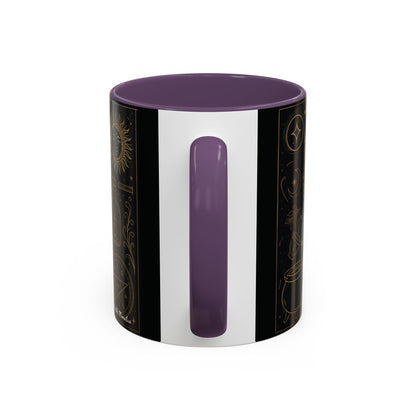 Witchy Aesthetic Coffee Mug – 15oz Black & Purple Ceramic with Occult Symbols – Goth Kitchen Decor, Halloween Gift Idea - 11oz/15oz
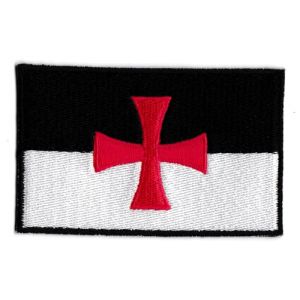 Patche Écusson Templier Drapeau Ordre Des Templiers Patch Brodé Templars Thermocollant (Naga.Hitam, neuf)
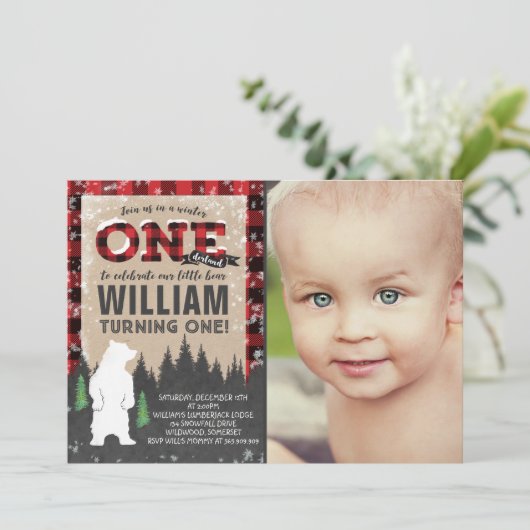 Lumberjack Winter ONEderland Birthday Uitnodiging (Staand voorkant)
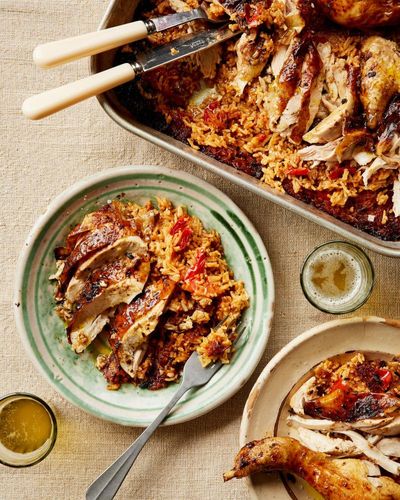 Thomasina Miers’ recipes for rice-stuffed roast chicken and courgette soda bread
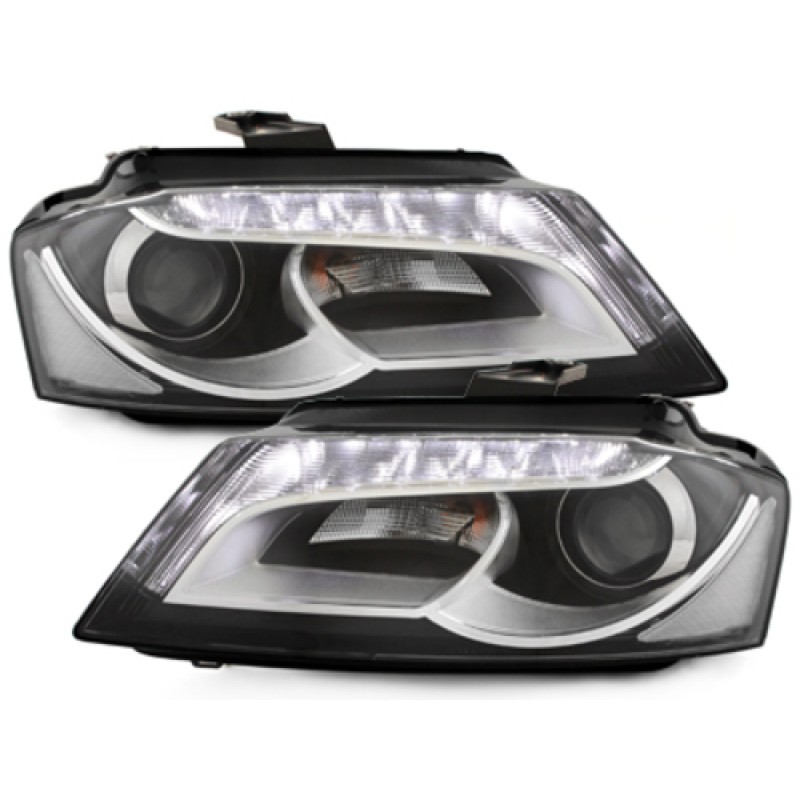 Φανάρια εμπρός Audi A3 (2008-2012) - μαύρα , χωρίς λάμπες (Η7) - σετ 2τμχ.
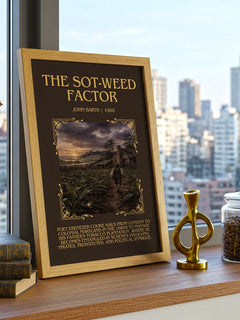 The Sot-Weed Factor Minimalist Book Poster by John Barth – framed print on a city-view windowsill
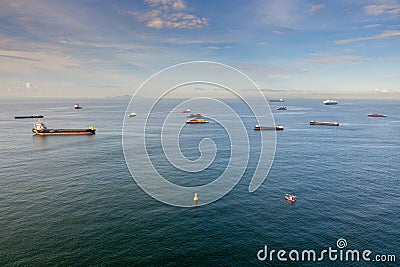 Many ships in Leamchabang harbor. Aerial view Stock Photo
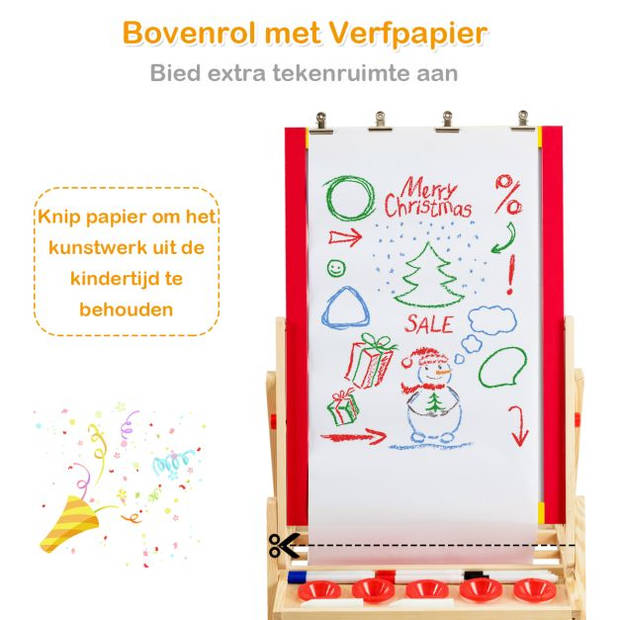 Zenzee Krijtbord - Tekenbord - Whiteboard - Voor Kinderen - Educatief Speelgoed - Hout - 53 x 52 x 106,5 cm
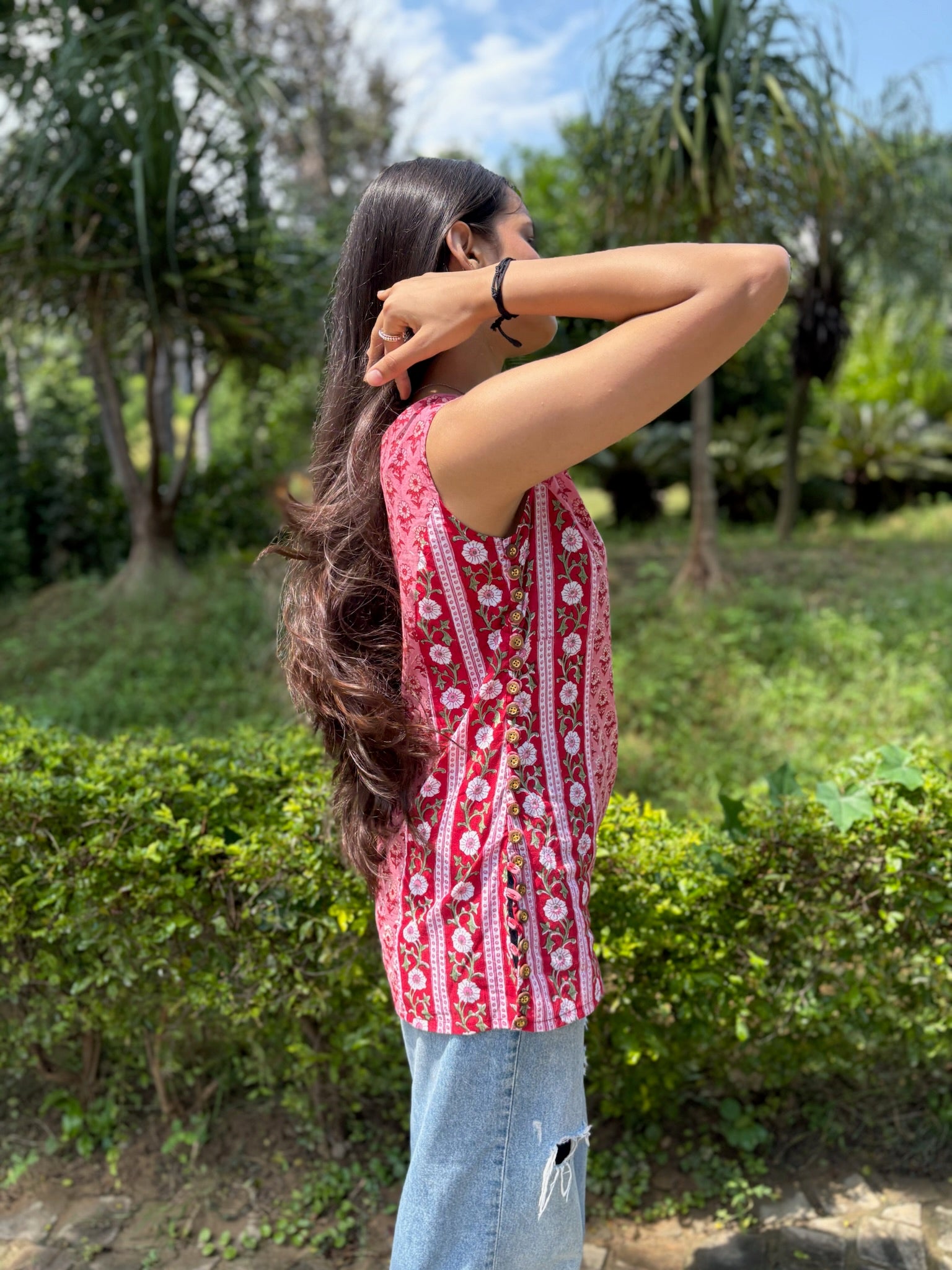 Pink Crimson Halter Short Kurti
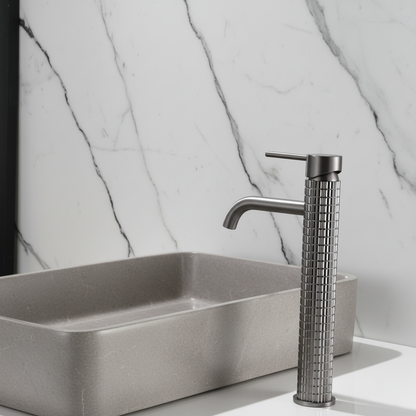 Hoge wastafelkraan Angelica - Gunmetal grey - 30,5 × 5,5 × 19 cm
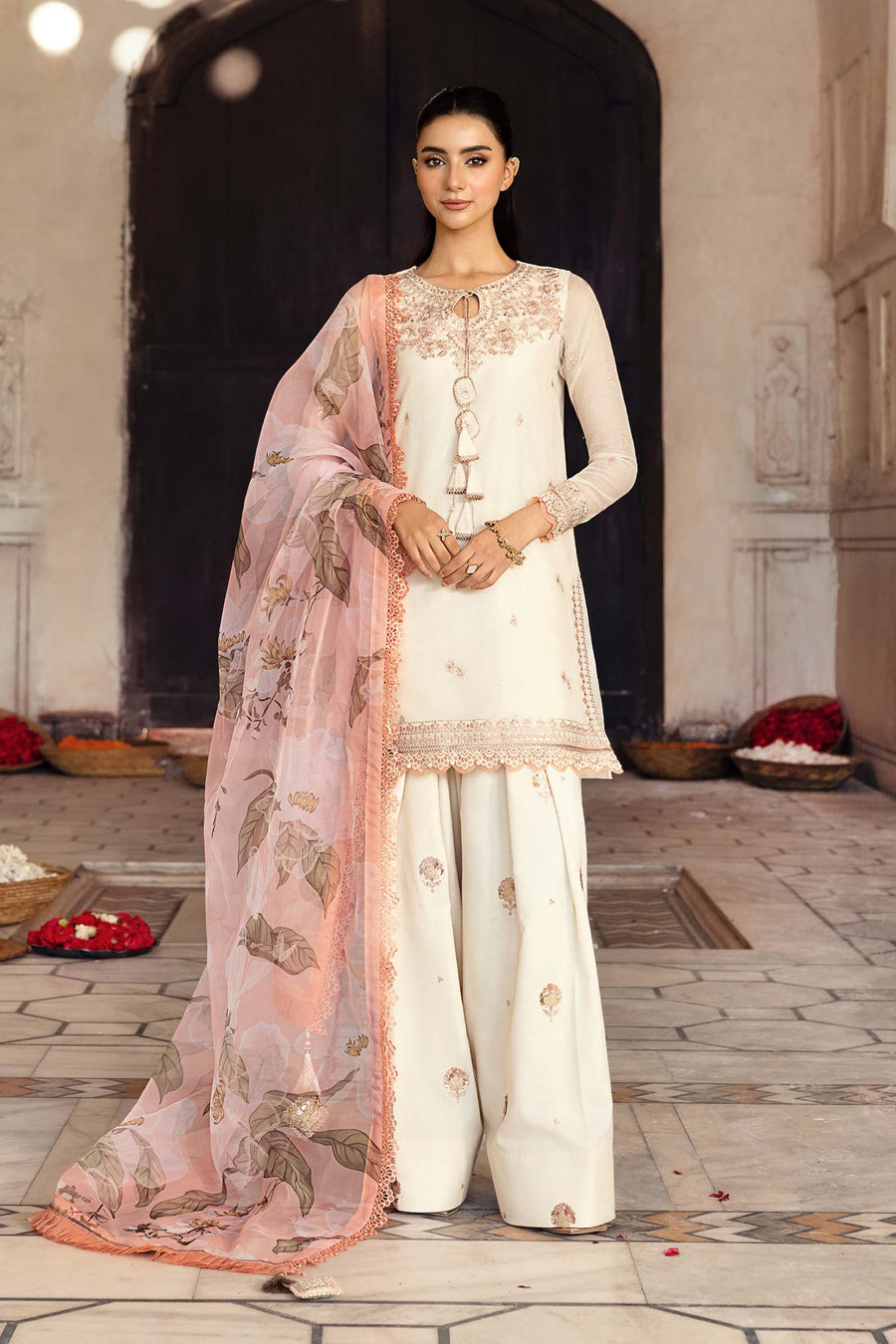 3 Pc Stitched Embroidered Silk Cotton Net Suit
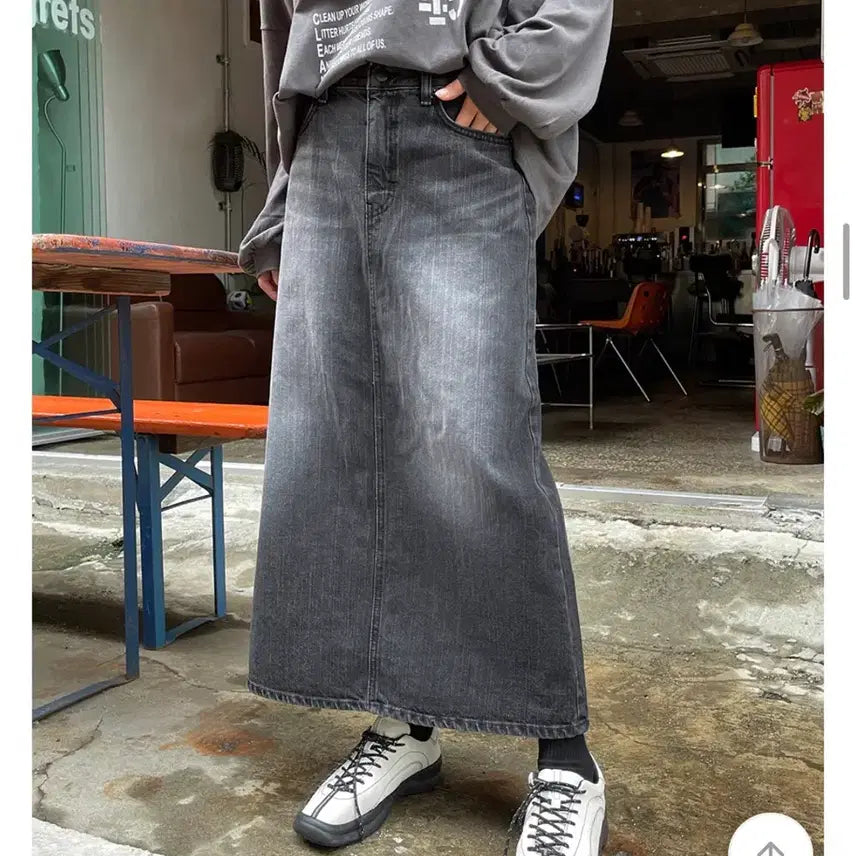 [BUNJANG] Dangdang Girl Long Denim Skirt / 빅사이즈 당당걸 롱청치마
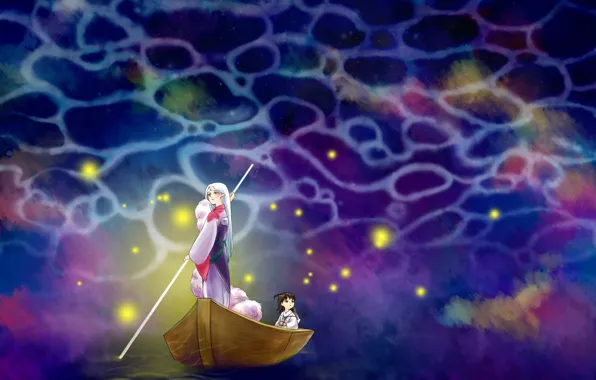 Background, boat, anime, the demon, art, girl, Rin, InuYasha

## Assignment
Could you give back the full listing word for word, leaving out the images?

## Answer section
 Witchy Aesthetic Coffee Mug – 15oz Black & Purple Ceramic with Occult Symbols – Goth Kitchen Decor, Halloween Gift Idea - 11oz/15oz
 Patche Écusson Templier Drapeau Ordre Des Templiers Patch Brodé Templars Thermocollant (Naga.Hitam, neuf)
 Lumberjack Winter ONEderland Birthday Uitnodiging (Staand voorkant)
 Thomasina Miers’ recipes for rice-stuffed roast chicken and courgette soda bread
 Φανάρια εμπρός Audi A3 (2008-2012) - μαύρα , χωρίς λάμπες (Η7) - σετ 2τμχ.
 The Sot-Weed Factor Minimalist Book Poster by John Barth – framed print on a city-view windowsill
 Many ships in Leamchabang harbor. Aerial view Stock Photo
 Zenzee Krijtbord - Tekenbord - Whiteboard - Voor Kinderen - Educatief Speelgoed - Hout - 53 x 52 x 106,5 cm
 Pink Crimson Halter Short Kurti
 Hoge wastafelkraan Angelica - Gunmetal grey - 30,5 × 5,5 × 19 cm
 3 Pc Stitched Embroidered Silk Cotton Net Suit
 [BUNJANG] Dangdang Girl Long Denim Skirt / 빅사이즈 당당걸 롱청치마
 Background, boat, anime, the demon, art, girl, Rin, InuYasha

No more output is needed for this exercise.